Excelência Presidente, todos nós reconhecemos que, naquela fatídica tarde do dia 01 de Fevereiro, houve mortes a lamentar, porquanto, são homens, chefes da família que pereceram suas vidas em pleno exercício das suas funções de defender os titulares dos órgãos da soberania e as Instituições da República. Assim, qualquer que seja o móbil, é condenável a todos os níveis. Por isso, o Coletivo dos Advogados subscritor desta carta é ciente do quão foi doloroso naquela dia.

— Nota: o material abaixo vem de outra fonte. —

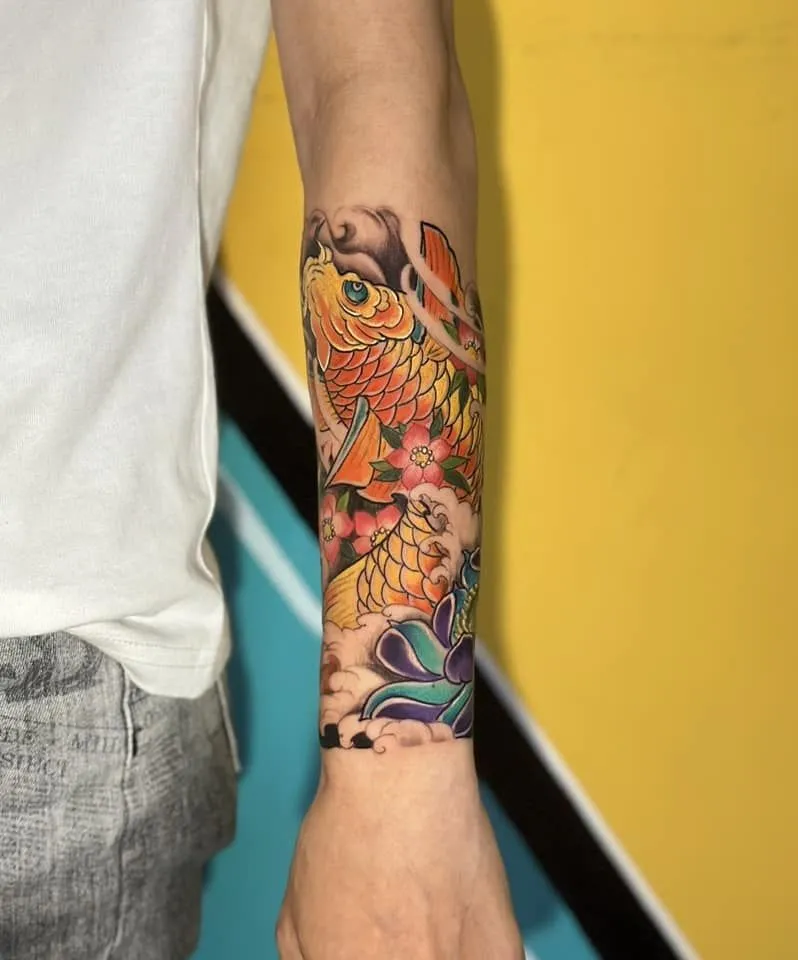 50+ Koi Fish Tattoo Sleeve for Men & Women Full Arm Designs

Com efeitos, o Coletivo, não exige apenas a libertação dos detidos, antes pelo contrário, exige o cumprimento da Lei, que, passa necessariamente pela realização da Justiça, e tem como consequência, a definição clara da situação jurídica de cada um dos implicados ou detidos. Pois, Senhor Presidente, entre os detidos há vários grupos com situações diferenciadas;

(i) O primeiro grupo, nem se quer foi ouvido pelo Ministério Publico, ou seja, os seus nomes não constam da lista do Ministério Público como suspeitos á investigar, apesar de tudo, este grupo continua ainda preso;

(ii) O Segundo grupo, os seus nomes constam da lista do Ministério público e, foi ouvido, mas que, entretanto, de acordo com a convicção do Ministério Público não há indícios do seu envolvimento no caso, por isso, não foi acusado, e, consequentemente foi emitido mandado de soltura, que infelizmente até hoje não foi cumprido;

(iii) O Terceiro grupo, consta da Lista do Ministério Público, foi ouvido e acusado. Mais que, entretanto, durante o debate Instrutório junto do Tribunal de Instrução Criminal, a Mmª Juíza não ficou convencida do seu envolvimento e arquivou as suas acusações, e, consequentemente, ordenou a soltura, que também, infelizmente não foi cumprida ate hoje;

(iv) O Quarto grupo, consta da Lista do Ministério Público, foi ouvido e acusado, durante o debate Instrutório junto do Tribunal de Instrução Criminal, a Mmª Juíza ficou convencida do seu envolvimento e mantem-se a acusação, apesar de manter as acusações, mas, entendeu que, a liberdade deste grupo não colidiria com a moral pública, nem haveria perigo de fuga a justiça ou obstrução atividade jurisdicional e, em consequência, ordenou a soltura deste grupo, para aguardar o julgamento em liberdade, que também, infelizmente não foi cumprida ate hoje;

(v) O Quinto e ultimo grupo, consta da Lista do Ministério Público, foi ouvido e acusado, durante o debate Instrutório junto do Tribunal de Instrução Criminal, a Mmª Juíza ficou convencida do seu envolvimento e mantem-se a acusação, de facto, este ultimo grupo não beneficiou de nenhuma soltura, ou seja, a Mmº Juíza entendeu que, a liberdade deste grupo colidiria com a moral pública, pode haver perigo de fuga a justiça ou obstrução atividade jurisdicional e, em consequência, ordenou a manutenção deste grupo em prisão preventiva, embora o prazo da Prisão Preventiva esteja largamente ultrapassado;

Todos estes cinco grupos diferenciados, há muito que as suas prisões, se transformaram numa detenção ilegal, se não mesmo num sequestro, porquanto, tanto os que têm mandado de soltura e que não foram cumpridas assim como aqueles que têm a ordem de Prisão Preventiva, todos os prazos processuais já foram largamente ultrapassados.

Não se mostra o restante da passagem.